And it was certainly true for Israel. One of the important discoveries in Old Testament scholarship in the last generation is that, though the literature that makes up our Old Testament came from a time span of 1000 years or more, the final shaping was largely the work of what we call “Second Temple Judaism.” This is the time that comes after the Babylonian exile. The exile was a catastrophe for Israel, and from that catastrophe came some of the deepest theological searching in Israel’s history. For example, from that time we get the Book of Job, the prophet Ezekiel, and many of our favorite Psalms.
The exile had meant the end of Israel’s traditional hopes. The three realities that had carried their hopes: the land itself, the Davidic monarchy, and the great temple in Jerusalem were all cut off.
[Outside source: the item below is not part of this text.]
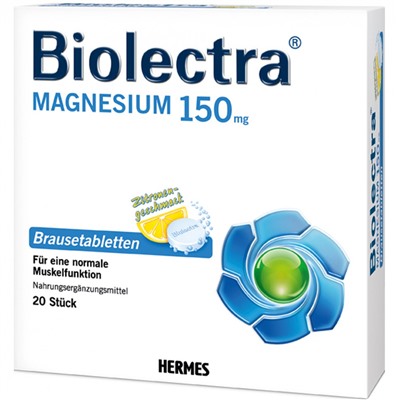 Biolectra (Биолектра) Magnesium 150 mg Zitrone 20 шт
While it is true that the exiles were to return a generation later and they did rebuild the temple, their basic theological question remained: “Where was God at our worst time?”
It would be hard to overestimate the impact of this crisis of faith on the outlook of the Old Testament, and in some real sense, that is why its poetry is still so powerful. What is it about these prophetic texts that stir us so? I think they speak to every generation, indeed to every person, for who among us has not asked in our own worst time the troubling question, “Where is God in all this?”
The prophets of Israel tried to find the words that would offer an alternative reality to the one they saw before them. The reality before them was completely lacking in possibilities, so it is quite remarkable the way they imagined a different world, a world that can only be imagined because God promised it.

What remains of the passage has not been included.